Source: Porous Zim borders ‘now a security threat’ | The Standard


ZIMBABWE’s porous borders are posing a serious security risk as they expose the country to a litany of illegal activities, including smuggling and criminal syndicates roaming undetected, a damning report says.

According to the report by the Parliamentary Portfolio Committee on Home Affairs, Defence and Security Services chaired by Chiredzi South Member of Parliament Callisto Gwanetsa (Zanu PF), state security agents manning the country’s expansive border lines are corruptly facilitating illegal entry of locals and foreigners and this was rampant.

The report was presented to Parliament last Thursday after the committee’s visit to the country’s borders including Beitbridge, Sango, Plumtree, Chirundu and Nyamapanda posts, which it said were in a deplorable state.

“The country’s borders were very porous as evidenced by the proliferation of illegal exit and entry points,” the report says.

“The rise in illegal border crossing cases impacted negatively on the reputation of the Immigration Department in as much as it affected the entire nation in terms of security and loss of revenue.”

Government, the report says, does not have adequate off-road terrain patrol vehicles and use of modern surveillance tools to secure the entirety of the country’s border lines.

“At Sango Border Post — the committee was told that the near 200 km straight line was punctuated by rattled trucks weaving in and out of the country, testimony of the presence of vehicular and human traffic entering and leaving the country illegally,” the report says.

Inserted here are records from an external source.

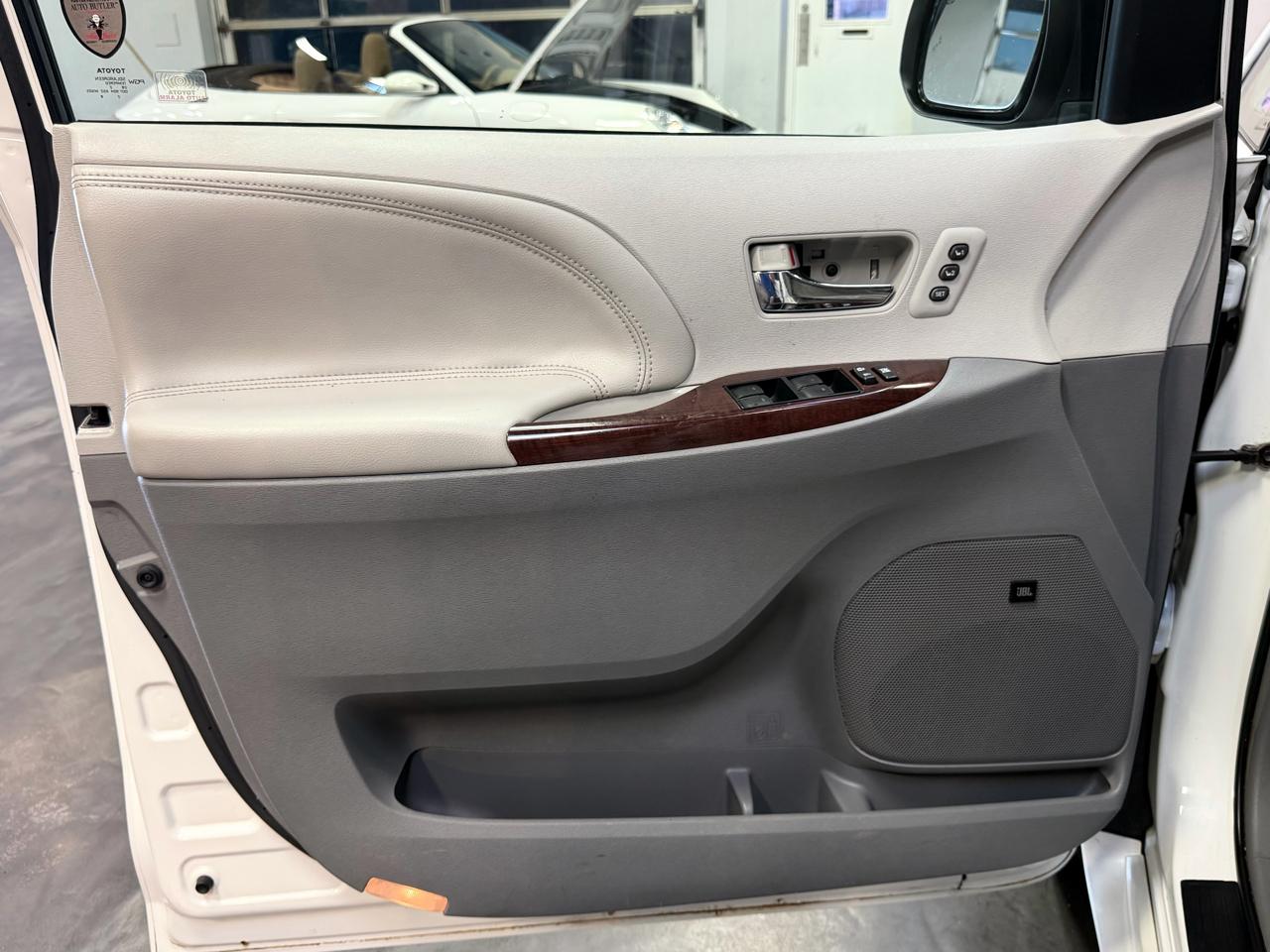 Toyota Sienna 5dr 7-Pass Van V6 XLE AWD (Natl) 2013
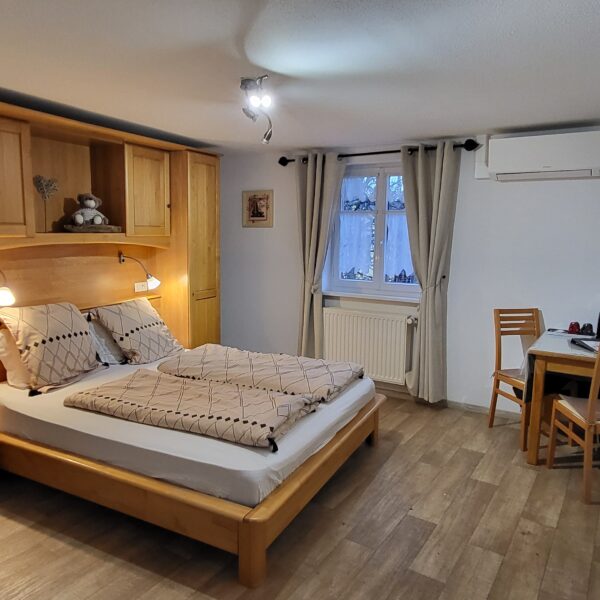 Chambre avec lit double des Chambres d'hôtes chez le Vigneron à Saint-Hippolyte dans le Haut-Rhin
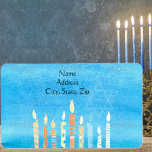 Étiquette Heureux Hanoukka Menorah<br><div class="desc">Célébrez huit jours et huit nuits du Festival des lumières avec des cartes Hanoukka et des cadeaux. La fête des lumières est ici. Allumez la menorah, jouez avec le dreidel et festoyez sur les latkes et les sufganiyots. Célébrez l'esprit d'Hanoukka avec vos amis, votre famille et vos proches en leur...</div>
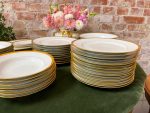 "Limoges" porcelāna pusdienu servīze ar bagātīgu zeltījumu ("Limoges" France porcelain dinner service with gold band) (2536) - Image 6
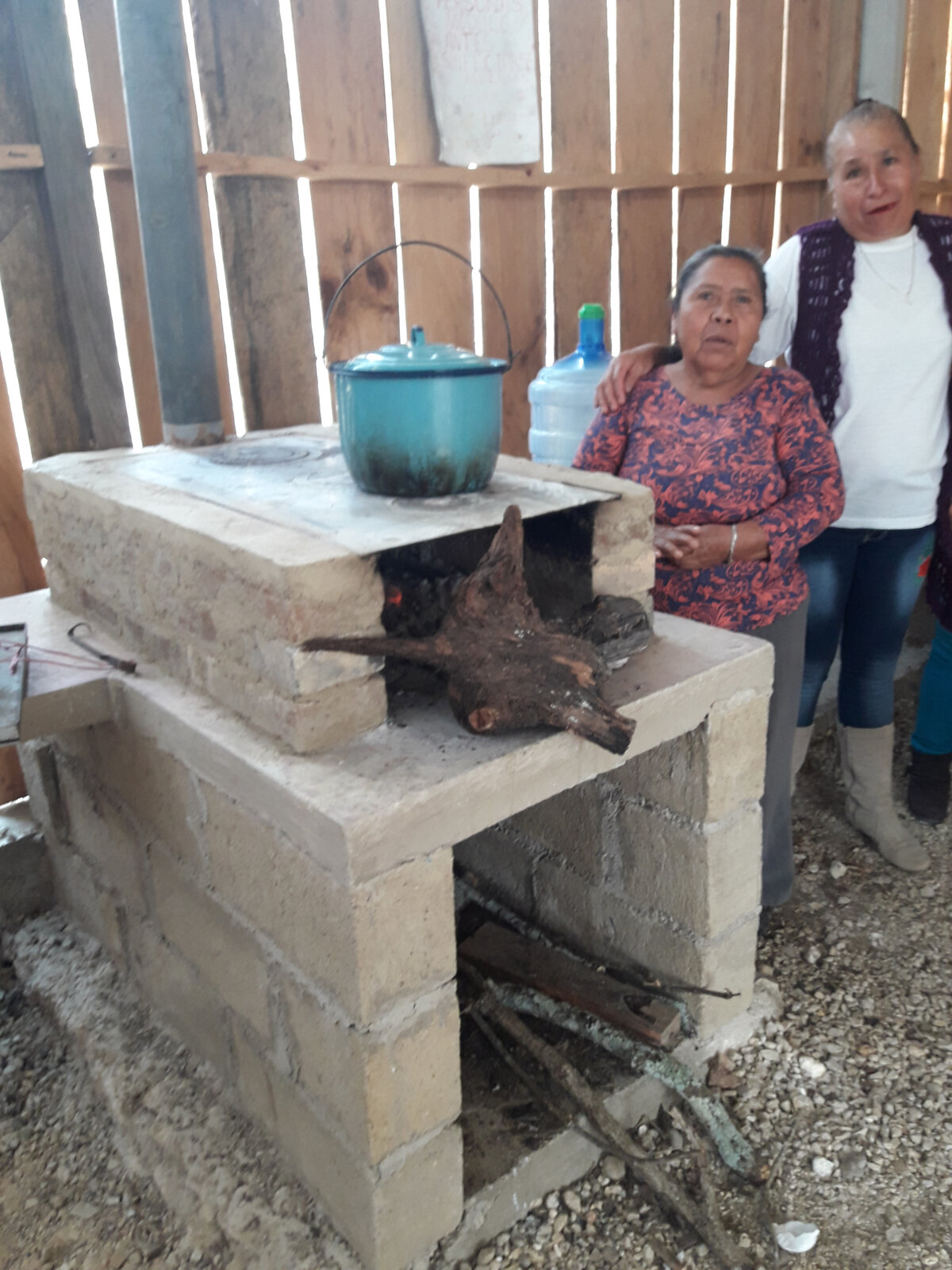 Un four fermé pour éviter les risques de maladies pulmonaires dues aux fumées passives des feux ouverts encore si répandus au Chiapas: c'est bon pour la santé et utilise moins de bois! Photo : © Madre Tierra Mexico<br>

“The main points that were said to be costly were mostly used for smuggling goods in and out and included Crooks Corner, Machichi, Dumela, Malipathi and Dingi among others.

“This posed potential security risk to the country and at the same time undermining revenue collection efforts, security of great importance, revenue going uncollected and all those are of great concern to a state of the nation.

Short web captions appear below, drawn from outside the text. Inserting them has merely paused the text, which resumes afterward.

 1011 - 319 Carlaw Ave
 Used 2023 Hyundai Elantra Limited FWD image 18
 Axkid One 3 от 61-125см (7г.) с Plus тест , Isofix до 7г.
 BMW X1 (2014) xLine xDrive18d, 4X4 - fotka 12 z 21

“There is also lack of capacity in using modern technology such as drones, surveillance cameras, and biometric cameras at clearance points, helicopters for effective operations, patrols and security surveillance at border posts, hence exposing the country to criminal elements.”

It also emerged that the borders’ computer software was in the hands of a private player, a situation that puts the country’s security in jeopardy.

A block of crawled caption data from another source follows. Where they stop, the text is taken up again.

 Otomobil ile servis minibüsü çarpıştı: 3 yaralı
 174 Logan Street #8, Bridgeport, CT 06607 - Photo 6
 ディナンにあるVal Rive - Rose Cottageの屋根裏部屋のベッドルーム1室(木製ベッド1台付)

The committee said there was concern over border infrastructure including roads, commercial officers, bays, bridge development and housing.

The committee also said there was a danger people from countries like Rwanda, the Democratic Republic of Congo and the Great Lakes region were finding their way into the country taking advantage of the porous border systems.

“The committee was further informed that there were no off-road terrain vehicles at Kariba border post to conduct patrols on the lower Zambezi Valley, which was said to be a hive of illegal activities when you look in terms of those people coming from Zambia, DRC, Rwanda, Great Lakes and everywhere,” the report added.

“So, it is really unpleasing.

“This situation was deemed unsustainable in light of the rampant illegal activities taking place along the border line.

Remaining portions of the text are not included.